= Eberhard Otto (Egyptologist) =

German Egyptologist (1913–1974)

Eberhard Otto (26 February 1913, Dresden – 11 October 1974 Heidelberg) was a German Egyptologist.

Otto studied from 1932 to 1937 in Leipzig, Munich and Göttingen and after his Promotion in 1938 and his Habilitation in 1943 was appointed in 1950 unofficial professor extraordinarius of Egyptology at the University of Hamburg. In 1955 he was appointed professor ordinarius of Egyptology at the University of Heidelberg. He was known for his work on the religion and art of ancient Egypt and, in particular, his role as co-editor, with Wolfgang Helck, of the first volume of the multi-volume Lexikon der Ägyptologie. After his death his successor as co-editor for volumes 2 through 7 was Wolfhart Westendorf. Otto's most commercially successful book was the paperback book dedicated to his wife and entitled Ägypten. Der Weg des Pharaonenreiches (Egypt: The Way of the Pharaonic Kingdom). The book was first published in 1953 and had five editions through 1979 with a reprint of the 1979 fifth edition in 2010.

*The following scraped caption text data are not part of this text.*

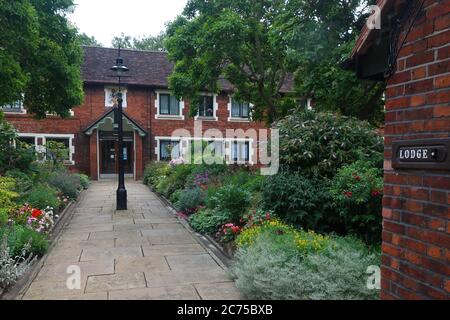 Ipswich, UK - 14 July 2020: Tooley Court - geschützte Unterkunft, Foundation Street. Stockfoto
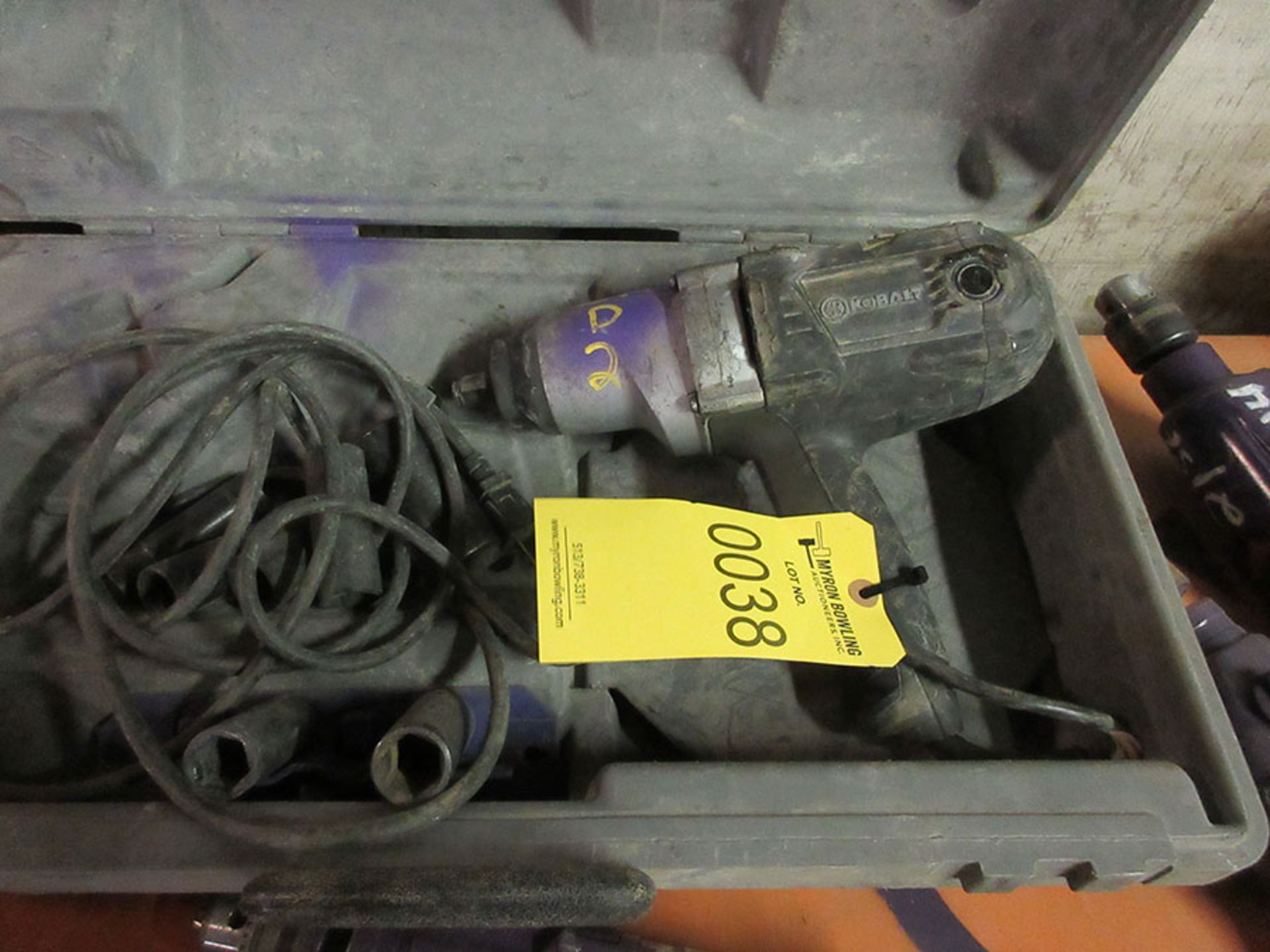 KOBALT ELECTRIC 1/2'' IMPACT WRENCH WITH CASE; S/N 1114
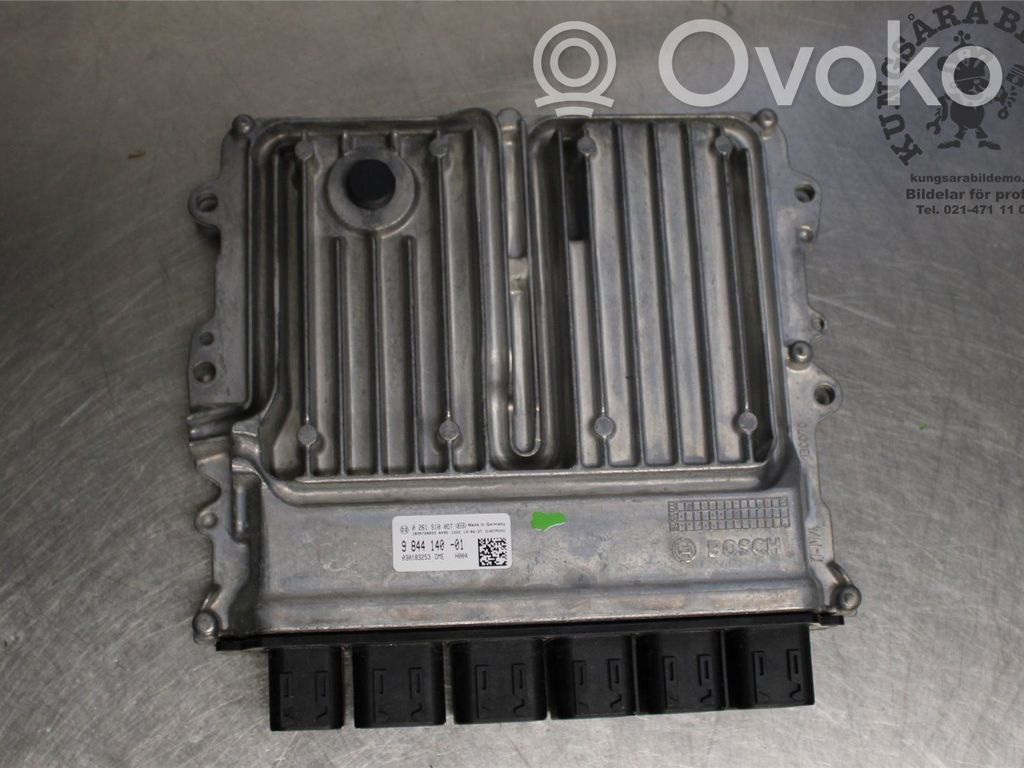 BMW 5 G30 G31 G38 Injection control unit/module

In 1957 he became a full member of the Heidelberger Akademie der Wissenschaften.

==Selected works==
- Beiträge zur Geschichte der Stierkulte in Aegypten. Leipzig 1938.
- Das Verhältnis von Rite und Mythus im Ägyptischen. Heidelberg 1938 (Sitzungsberichte der Heidelberger Akademie der Wissenschaften).
- Der Vorwurf an Gott - Zur Entstehung der ägyptischen Auseinandersetzungsliteratur. Hildesheim 1951.
- Topographie des thebanischen Gaues, Berlin/Leipzig 1952.
- Die biographischen Inschriften der ägyptischen Spätzeit - ihre geistesgeschichtliche und literarische Bedeutung. Brill, Leiden 1954.
- Kleines Wörterbuch der Ägyptologie. 1956 (with Wolfgang Helck).
- Das ägyptische Mundöffnungsritual. Teil 1: Text; Teil 2: Kommentar. Wiesbaden 1960.
- Gott und Mensch nach den ägyptischen Tempelinschriften der griechisch-römischen Zeit. Heidelberg 1964.
- Osiris und Amun. Kult und heilige Stätten. Hirmer, München 1966 (with Max Hirmer).
- Ägypten. Architektur, Plastik, Malerei in drei Jahrtausenden. 4. neu bearbeitete und sehr erweiterte Auflage, München 1967 (with Max Hirmer, Kurt Lange and Christiane Desroches-Noblecourt).
  - 2-bändige Taschenbuchausgabe: Ägyptische Kunst. dtv Wissenschaftliche Reihe, München 1971, ISBN 3-423-04092-0 und ISBN 3-423-04093-9.
- Wesen und Wandel der ägyptischen Kultur. 1969.
- Wesen und Wandel der ägyptischen Kultur. Berlin 1969.
- Lexikon der Ägyptologie. 1971ff. (ed. with Wolfgang Helck).
- Ägypten. Der Weg des Pharaonenreiches. Nachdruck der 5. Auflage aus 1979, Kohlhammer, Stuttgart 2010 (?), ISBN 978-3-17-005160-7.